Differenze tra parlare a un neonato e parlare a un bambino
Prenderci la responsabilità di quello che diciamo ai nostri figli è un compito obbligatorio se vogliamo che un giorno sperimentino una certa libertà quando dovranno definire se stessi o prendere decisioni importanti nella loro vita.
Di certo, tutti abbiamo come riferimento ciò che i nostri genitori ci dicevano: molte delle loro parole ci hanno aiutato nella vita, altre volte magari ci hanno ostacolato. Quindi, tutti dovremmo essere in grado di valutare il peso delle parole nella nostra vita.
Parlare al posto dei figli
Quando abbiamo in braccio nostro figlio appena nato, così piccolo e immobile, fin dal primo giorno iniziamo a parlargli e parlare per lui. È una cosa che tutte le mamme fanno.
“Ha freddo”, “vuole mangiare, ha fame”, “voglio stare con la mamma” (dicono al posto loro). Alla fine, supponiamo che nostro figlio provi determinate sensazioni o abbia certi desideri e, in questo modo, lo conosciamo e abbiamo la sicurezza di avere tutte le risorse per prenderci cura di lui. Letteralmente, “gli mettiamo le parole in bocca”.
È un concetto che nell’ambito della psicoanalisi si chiama “transitivismo”. Si tratta di un processo per cui il neonato viene considerato come un piccolo soggetto desideroso di qualcosa che la madre conosce senza bisogno che lui le parli.
Facciamo un esempio. Quando diciamo che nostro figlio piange perché ha freddo e lo copriamo, lo culliamo, gli cantiamo una canzone, gli parliamo e riusciamo a calmarlo, il motivo del suo pianto è davvero il freddo. Quello che stiamo cercando di dire è che ciò che succede ai nostri figli all’inizio della loro vita siamo noi ad attribuirlo loro.
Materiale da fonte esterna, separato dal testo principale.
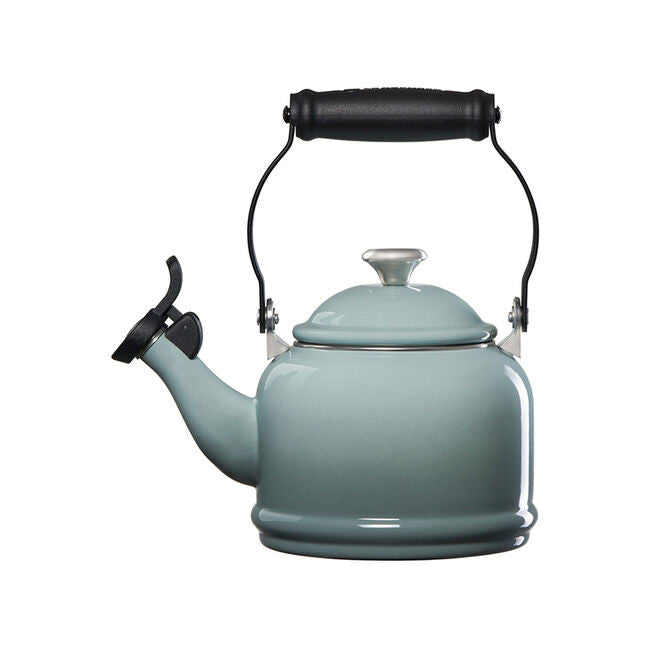 Le Creuset Enamel on Steel 1.25 qt. Demi Tea Kettle - Sea Salt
Non c’è una verità da indovinare riguardo ciò che gli sta succedendo in un determinato momento e, se non lo sappiamo, non esiste un libro dove trovare la risposta che ci dica quello che dobbiamo sapere.
Come afferma l’autore Carlos González, non è mai stato necessario leggere libri sui bambini per sapere cosa fare con i figli e aggiunge: “se ci sono dubbi, è meglio consultare altre mamme e chiedere della loro esperienza più che leggere libri”.
Quando mettiamo in pratica un consiglio che è scritto su un libro per prenderci cura di nostro figlio, lo stiamo escludendo come soggetto desideroso di qualcosa. Applicare una tecnica o un consiglio è qualcosa che esula dal nostro contesto, dalla nostra vita, dal nostro ruolo di madre o padre.
Per questo, dovremmo trovare il modo di prenderci cura dei nostri figli all’interno del nostro contesto personale, delle nostre esperienze, della nostra storia, di ciò che abbiamo vissuto.
Le tecniche o le “ricette” dei libri per prendersi cura dei figli possono avere serie conseguenze per loro, ma rimandiamo l’argomento ad un’altra occasione.
A mano a mano che il bambino cresce, acquisisce sempre più autonomia e ci mostra il suo modo di fare le cose. Alcune cose guadagneranno la nostra ammirazione, altre, il nostri rifiuto.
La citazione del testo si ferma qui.